Different types of items have been developed for the HEAP:

Selected Response
Commonly called multiple choice (MC), these items can be scored by machines. These items are also known by the acronym SR.
Short Constructed Response Also known as short answer (SA), the assessment question requires the student to write a short answer. Constructed-response items are performance-based assessments.
Extended Response
The assessment question requires a longer response. Also written as an acronym ER, for Extended Response, these items are performance-based assessments.
Performance Tasks
Performance tasks are curriculum-embedded projects that students complete in or outside of class over an extended period of time. They are performance-based assessments.

Item Development

How the Assessment Items Were Developed

A key goal of the CCSSO~SCASS HEAP was to develop high-quality assessment items. The project developed selected-response items (i.e., multiple-choice), constructed-response items (i.e., short answer and extended response), and performance tasks. Performance tasks are curriculum-embedded projects grounded in authentic student experiences. They support skills-based, standards-based classroom instruction.
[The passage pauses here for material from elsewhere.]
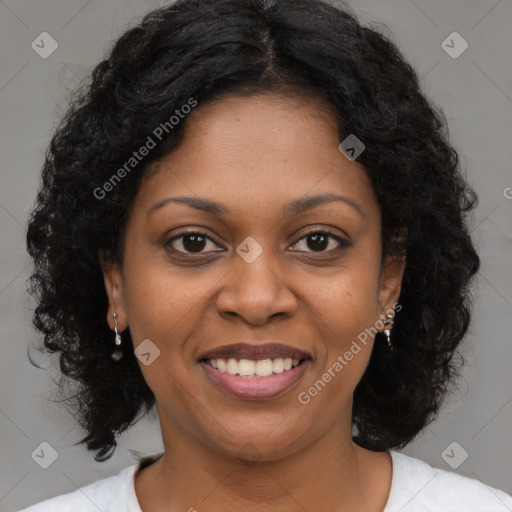 Joyful black young-adult female with medium  brown hair and brown eyes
To help ensure the quality of the items, the project followed a rigorous process during item development. ACT, Inc., provided support and guidance as a subcontractor to the project. This section will focus on the process to develop approximately 1,400 assessment items in Phase II.

The project developed two types of assessment units: modules and performance tasks. Each module consisted of eight selected-response and three constructed-response (two short answer and one extended response) items. All modules and performance tasks were developed around one of the descriptors, which identify the health content that is linked to specific skills for student assessment in the HEAPís Assessment Framework.

Development of Modules and Performance Tasks

Participating states were asked to recruit item writers to develop the modules and performance tasks. The item writers, primarily practicing teachers and curriculum specialists, attended workshops where ACT, Inc., assessment development staff provided training in best practices for item writing. The writers were given the following guidelines:

Organize the materials around a descriptor in the Assessment Framework.
Focus on educationally significant material.
Make the materials interesting and engaging to students.
Ensure the items are independent of each other.
Have a broad, not regional, focus.
Provide a fair portrayal of racial/ethnic groups.
Ensure the wording is clear and direct.
Provide clear directions that are focused on the intended concepts.
For selected-response items, ensure there is only one correct answer.
For constructed-response items and performance tasks, ensure the item addresses both content and a skill.
For constructed-response items and performance tasks, ensure the criteria used to score the item reflect what is asked in the item prompt.

Following the training workshop, writers were given time to draft materials. The draft materials were then shared in a conference with both a health education specialist and an assessment specialist. In the conference, item writers were provided feedback on the materials they had developed.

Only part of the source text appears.